I was in Memphis at Dr. King's side -- and on Monday I will be in Madison, for there is a straight line from Memphis to Madison.

Dr. King came to Memphis to rally in support of striking public employees. Months earlier, two black sanitation workers had been crushed to death when a compactor mechanism in a truck malfunctioned. On the same day, 22 black workers were sent home without pay, while their white supervisors were retained with pay. Two weeks later, 1,100 black sanitation workers began to strike for job safety, better wages and benefits and union recognition.

It was a frantic time for Dr. King. He was pushing to organize a Poor People's Campaign, a march on Washington that would bring poor people to the nation's capital. He was besieged by critics for his opposition to the Vietnam War. The civil rights movement was fracturing, adding to the pressure.

But he chose to join the strikers in Memphis for he knew their cause was just, their need great and their time had come.

Now in Madison, teachers and nurses and sanitation workers are standing up against an attempt to strip them of their right to bargain collectively. Students have come to their aid, while protesting deep cuts in university and school budgets and efforts to strip them of their right to vote on campus. Workers are standing up in solidarity with those under attack.

In Memphis, Dr. King preached powerfully about the need for solidarity. "You know," he said in his last sermon, "whenever Pharaoh wanted to prolong the period of slavery in Egypt, he . . . kept the slaves fighting among themselves. But whenever the slaves get together, something happens in Pharaoh's court, and he cannot hold the slaves in slavery. When the slaves get together, that's the beginning of getting out of slavery. Now let us maintain unity."

In Madison, Gov. Scott Walker thought he could divide public and private employees, seed resentment and turn them on one another. But in Wisconsin, workers and students and parents rallied to one another, disrupting this modern-day Pharaoh's plans.

In Memphis, Dr. King urged demonstrators to keep focus on the issue of injustice, on the "refusal of Memphis to be fair and honest in its dealing with its public servants." He also called on citizens not only to march in protest, but to use their consumer power. He called on them to boycott the white-owned companies that were opposing the strike and to move their money from the downtown banks to community banks.

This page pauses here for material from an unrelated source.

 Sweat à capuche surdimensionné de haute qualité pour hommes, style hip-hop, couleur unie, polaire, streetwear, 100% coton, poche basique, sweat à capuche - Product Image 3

In Madison, workers are joining together, along with people across the country to move their money from M&I Bank, whose officers contributed significantly to Gov. Walker's campaign after being bailed out by the federal government.

In Memphis, Dr. King exulted over the progress that had been made by the civil rights movement, even while exhorting his followers to keep on pushing. "We have the opportunity to make America better," he said -- and we must pursue this to the end. Haunted by the many threats on his life, he preached, "I may not get there with you. But I want you to know tonight, that we, as a people, will get to the Promised Land."

Now much of Dr. King's legacy is under attack -- as right-wing governors and legislators try to revoke the right to bargain collectively, defund the agencies that protect civil rights and consumers and the environment, and constrict the ability of students, minorities, the elderly and the poor to vote.

There is a straight line from Memphis to Milwaukee to Madison. We do Dr. King's memory proud when we stand together, march together, and refuse to adjust to injustice.

In Madison, as in Milwaukee, we have the chance to make America better. We dare not stop now.